- **Your assignment**: In the listing beneath this line, copy exactly the lines starting with the one containing "Now the top" and going on through the one containing "Hello friends. In".

- **Task material**:
###

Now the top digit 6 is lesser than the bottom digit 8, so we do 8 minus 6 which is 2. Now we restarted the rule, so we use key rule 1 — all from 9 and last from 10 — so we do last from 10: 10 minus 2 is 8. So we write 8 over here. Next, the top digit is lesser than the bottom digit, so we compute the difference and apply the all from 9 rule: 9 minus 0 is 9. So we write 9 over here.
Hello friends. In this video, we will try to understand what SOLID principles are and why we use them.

###

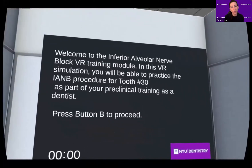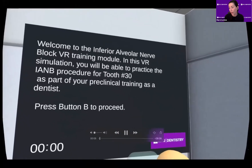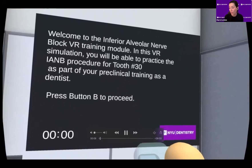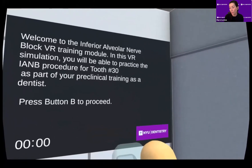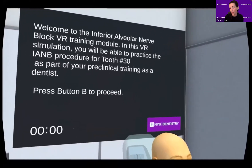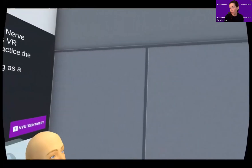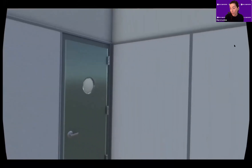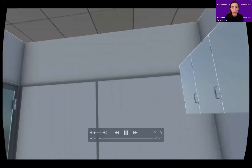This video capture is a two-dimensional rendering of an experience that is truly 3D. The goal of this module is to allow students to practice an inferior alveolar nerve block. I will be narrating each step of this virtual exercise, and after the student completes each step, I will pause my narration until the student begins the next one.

###

- **Response**:
Now the top digit 6 is lesser than the bottom digit 8, so we do 8 minus 6 which is 2. Now we restarted the rule, so we use key rule 1 — all from 9 and last from 10 — so we do last from 10: 10 minus 2 is 8. So we write 8 over here. Next, the top digit is lesser than the bottom digit, so we compute the difference and apply the all from 9 rule: 9 minus 0 is 9. So we write 9 over here.
Hello friends. In this video, we will try to understand what SOLID principles are and why we use them.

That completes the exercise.